If your budget isn’t too tight, you may want to check out sending a caseload of something that the givee loves. For many things this is not as cost prohibitive as it sounds, and it will have a big impact on the recipient. My parents once got a caseload of Pirate’s Booty for a reasonable sum, and they shipped it for free. Just make sure that it’s something that has a shelf life similar to that of Twinkies. Or you could get boxes of nostalgia candy for under $20. I’m sure that any older relative would love to sink their dentures into a sweet piece of Bit-o-Honey. If you’re visiting them for Christmas, candy has the added benefit keeping people quiet for a while.
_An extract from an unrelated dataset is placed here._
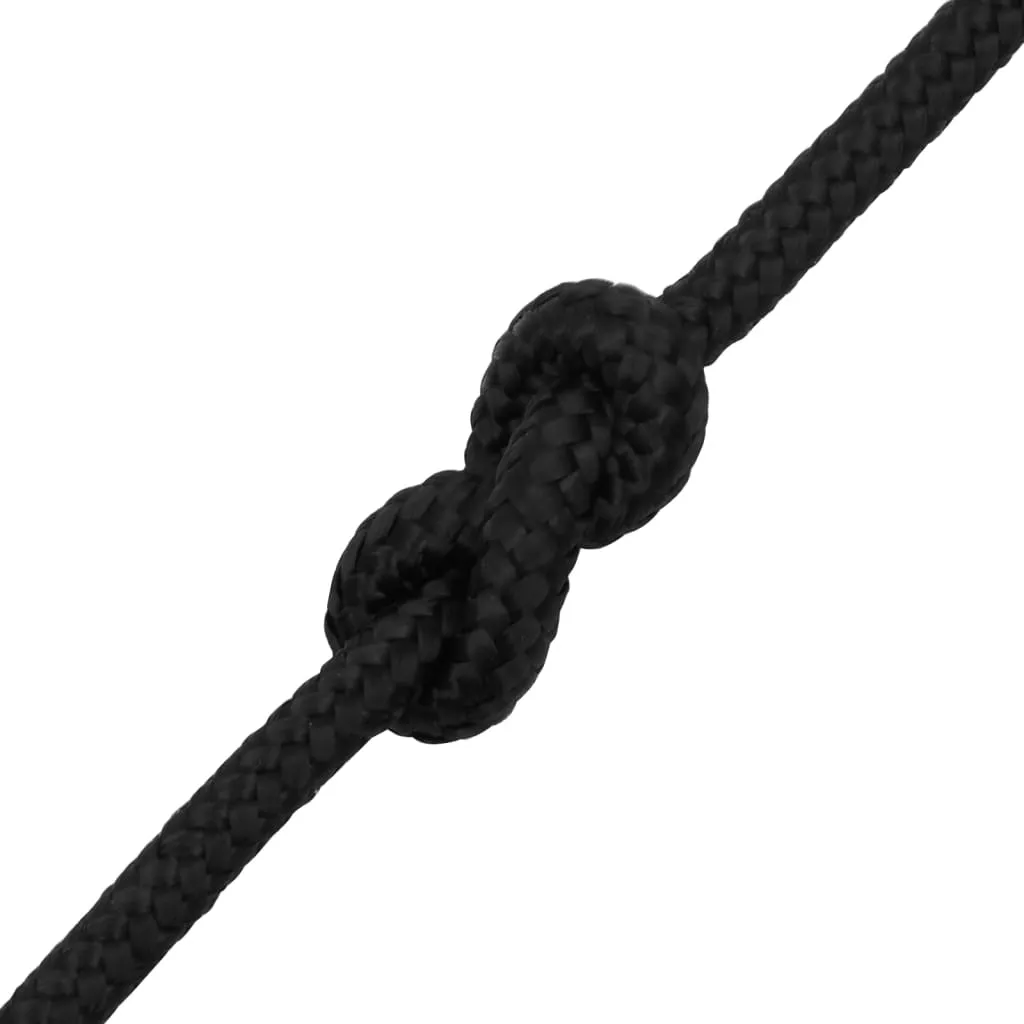 vidaXL Boat Rope Full Black 10 mm 25 m Polypropylene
I learned something recently that was frankly, kind of surprising. Toys are cheap. It seemed that last time I was paying attention to that kind of thing they were expensive. At first I thought it was merely the change in my perception that came about from earning more than $10 a month. But through various pieces of information that have come my way, I’ve learned that toys are, in fact, cheaper then they used to be. The price of plastic fell and manufacturing is also cheaper. I.E. they aren’t paying the Taiwanese children that work in their factories enough so that they are able to buy shoes. If you’re callous enough that barefoot Taiwanese children doesn’t bother you, you could put together a “Forever Young” gift basket for those people in your life who don’t ever seem to grow up. Like your little brother, and his wife. Get a plastic basket, stick in some Silly Putty, a Slinky, some Monkeys in a Barrel, and some candy.
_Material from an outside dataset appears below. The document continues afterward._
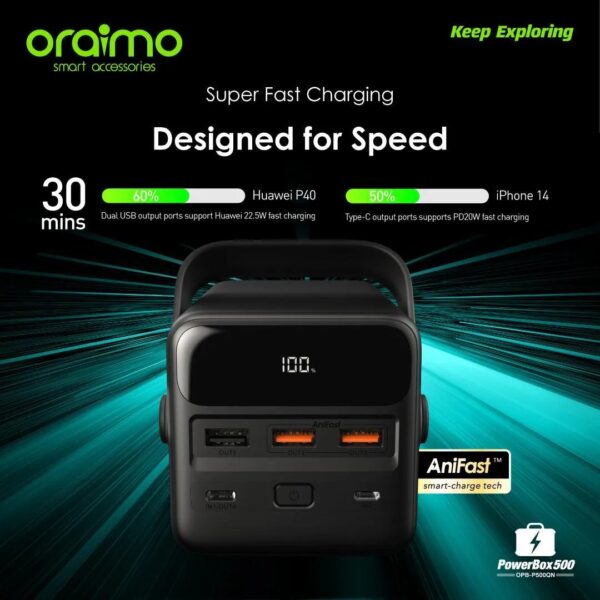Oraimo 50000mAh 22.5W Power Bank PowerBox 500 - Image 3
That brings us to the little tykes on your list. Kids are the best people to give gifts to. I once gave a baby cousin a mini bean bag horse for his birthday. It was in my cereal, for all intents and purposes, it was free. And that kid received about a billion presents that day, but darned if he didn’t carry the bean bag horse around with him all day. Just this year the
cardboard box was inducted into the National Toy Hall of Fame. I don’t recommend giving a kid a beautifully wrapped empty box, though. It may seem funny at the time, but trust me, you’ll feel like a big jerk.

If you don’t mind stampedes, another good tip is to brave the crowds of Black Friday to get $3.44 DVDs at Wal-Mart, and other such fantastically unpassupable deals. (Okay, I made up a word, but you know what I mean. You try being clever during a tryptophan-induced stupor.) Of course, if you’re sitting around reading this, you’ve probably already missed the best before noon deals, and all of the good stuff is probably gone. Well, you didn’t really want to be trampled by venomous middle-aged women with bargains on their minds.

If you’re still stumped about what to get for someone special on your list, I hear that everybody needs a lint roller. Maybe it was on a web site selling lint rollers, but I don’t feel compelled to argue with that wisdom.